Related: 4 Things I Wish I Would’ve Known When I Started Training
Over time you may find yourself growing complacent with the same programming and as such, it’s fine to tweak things slightly. Notice I said “tweak”, not overhaul. Switch to a slightly different squat or press variation – choose hack squats instead of front squats or incline bench instead of partial lockouts. Small variations can make a large difference; there’s no need to completely rework the system when the framework is solid.
Remember, small hinges swing big doors.
Compliance is the Name of the Game
I can give you everything you need but if you decide to add a ton of extra volume to this program, I can’t guarantee you’ll get the same results. Sure, there is an element of individualization which is necessary within any program but until you run the base template, you’ll have no idea how or what to adjust.

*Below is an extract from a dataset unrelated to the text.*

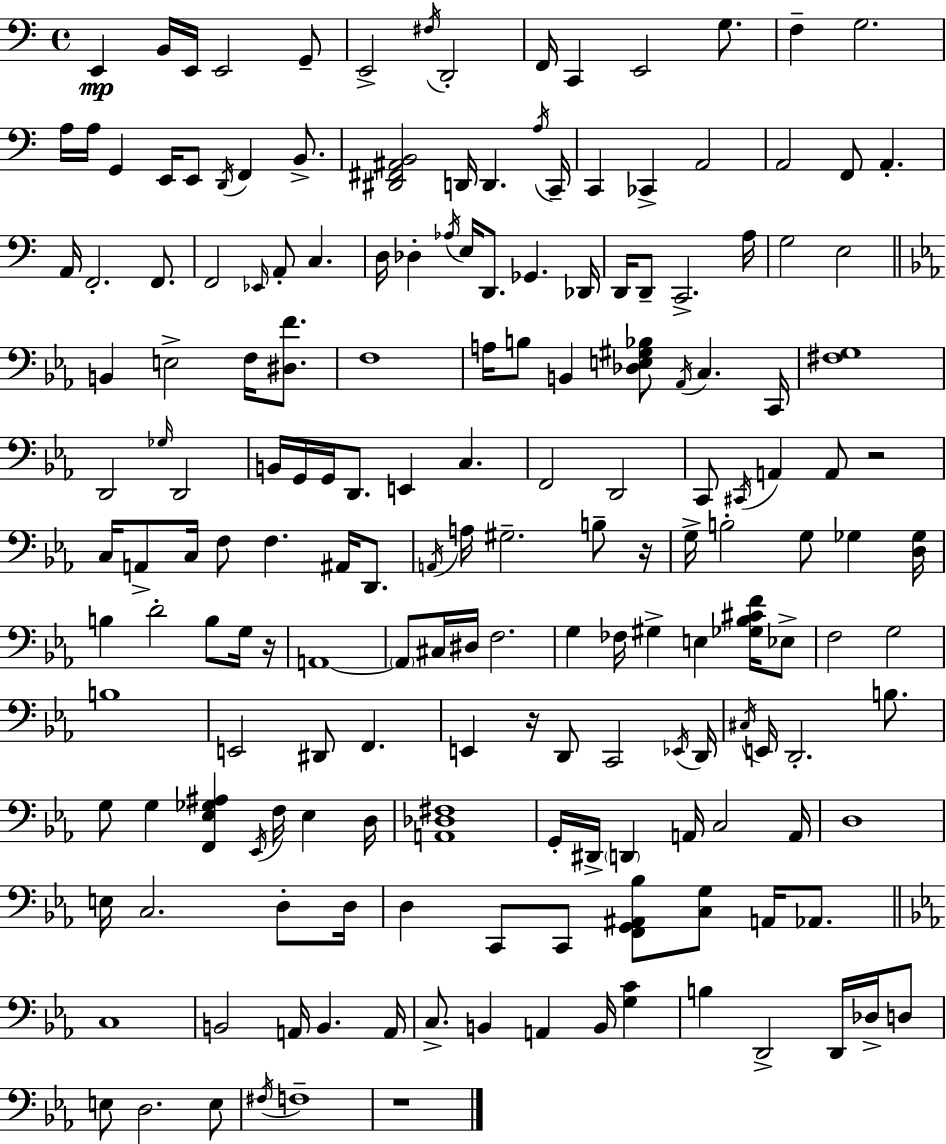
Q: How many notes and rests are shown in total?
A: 178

Don’t add another 12 sets for arms or 2 supersets for hamstrings because you just read about it in another article. Put your exercise ADD on hold for 8-10 weeks; show up, think less, and work harder.
5 Comments
Hi Mike, this plan sounds solid; the only doubt I have is: isn't this program a bit too push-centric? It looks to me it's lacking pulling movements (just 2?)
Hey Andrea, good question. One might think that but if we examine this a bit more deeply, we see 2 vertical push and 2 horizontal push with 1 vertical pull and 1 horizontal pull.

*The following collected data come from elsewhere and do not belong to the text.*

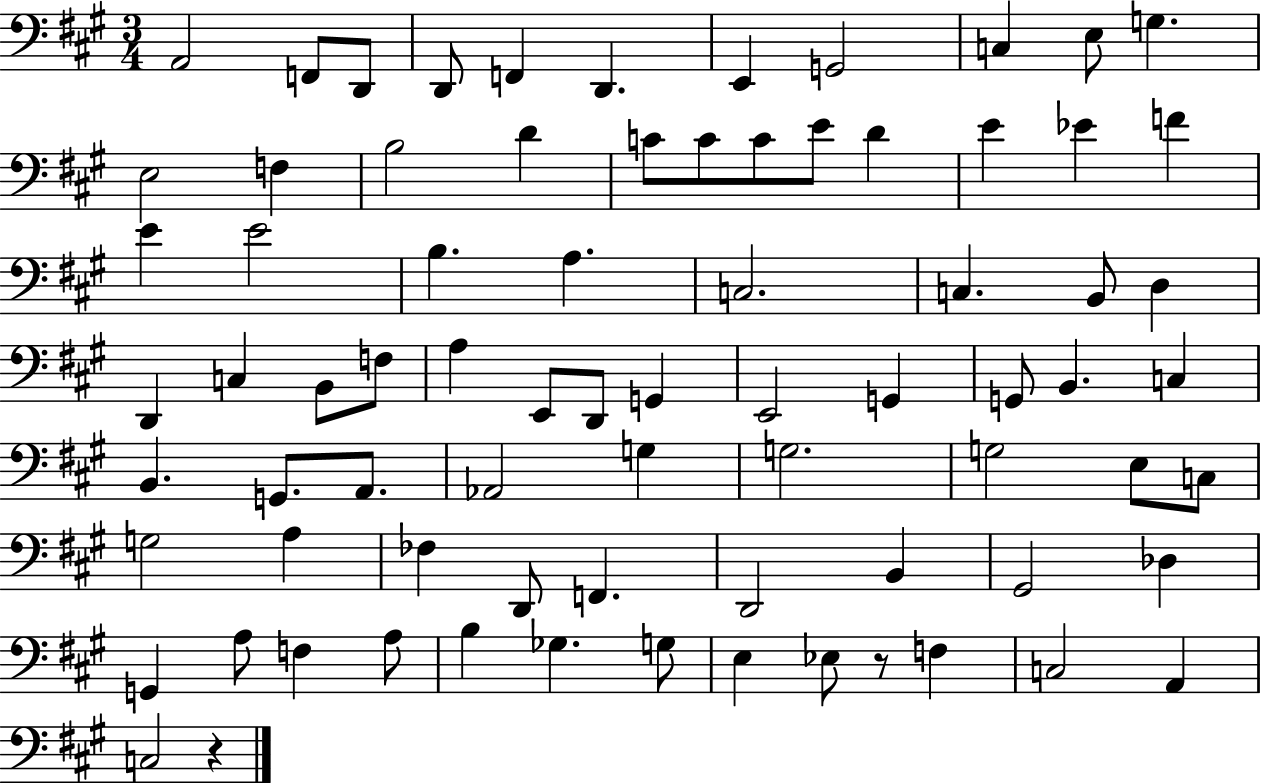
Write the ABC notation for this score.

X:1
T:Untitled
M:3/4
L:1/4
K:A
A,,2 F,,/2 D,,/2 D,,/2 F,, D,, E,, G,,2 C, E,/2 G, E,2 F, B,2 D C/2 C/2 C/2 E/2 D E _E F E E2 B, A, C,2 C, B,,/2 D, D,, C, B,,/2 F,/2 A, E,,/2 D,,/2 G,, E,,2 G,, G,,/2 B,, C, B,, G,,/2 A,,/2 _A,,2 G, G,2 G,2 E,/2 C,/2 G,2 A, _F, D,,/2 F,, D,,2 B,, ^G,,2 _D, G,, A,/2 F, A,/2 B, _G, G,/2 E, _E,/2 z/2 F, C,2 A,, C,2 z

Could this potentially exacerbate shoulder issues in someone already doing a high volume of push work? Sure.
Is more pushing than pull work a guarantee for shoulder pain and dysfunction? Absolutely not, not a chance.

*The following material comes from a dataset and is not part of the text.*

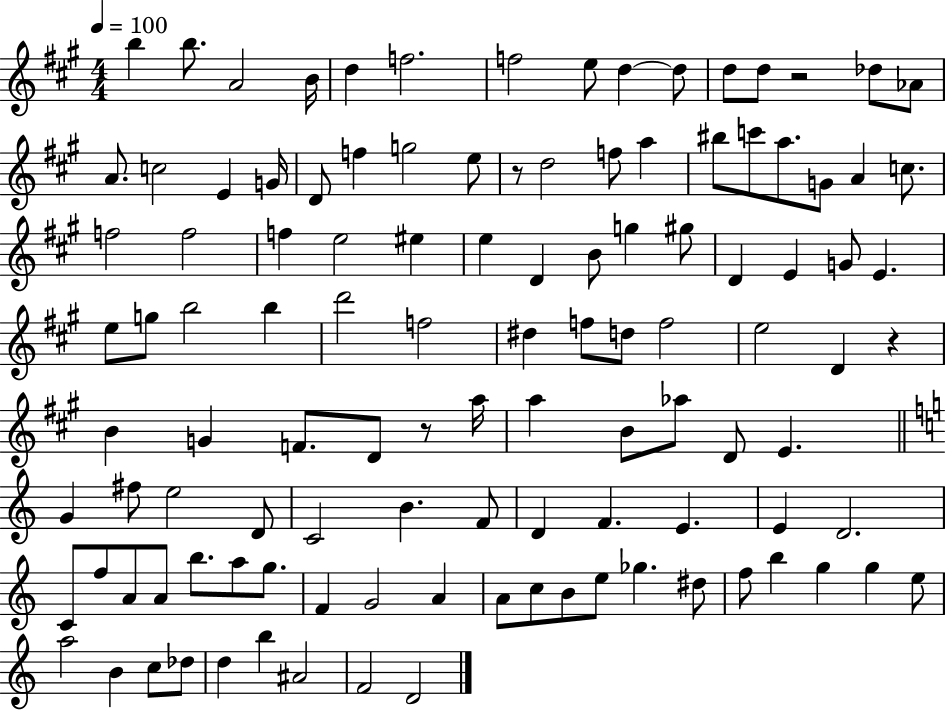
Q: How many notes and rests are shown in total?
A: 113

Not to mention, one could also make the argument that the overall range of motion for 1 of the vertical pushes (OH lockouts) as well as 1 of the horizontal pushes (floor press) is restricted and as such, the overall volume (weights*sets*reps*BAR DISPLACEMENT) is equivalent to the row volume which utilizes a full range of motion.
Not to mention, programming is just 1 piece of the puzzle - we didn't discuss warmups and as such, that could be an easy way to accrue some additional "pulling" volume with something as simple as banded "W"s, external rotations w/plate (anchor your elbow on your knee and rotate up), facepulls, barbell complexs, etc.
Thanks a lot for the reply, then I think I'll add some external rotation exercises in the warm-up.
Great article. I found your choice of exercises interesting, what was your motivation for these exercise selections?
Thanks Jim, glad to hear your enjoyed it. Interesting in what way? Just the fact that they are somewhat unorthodox?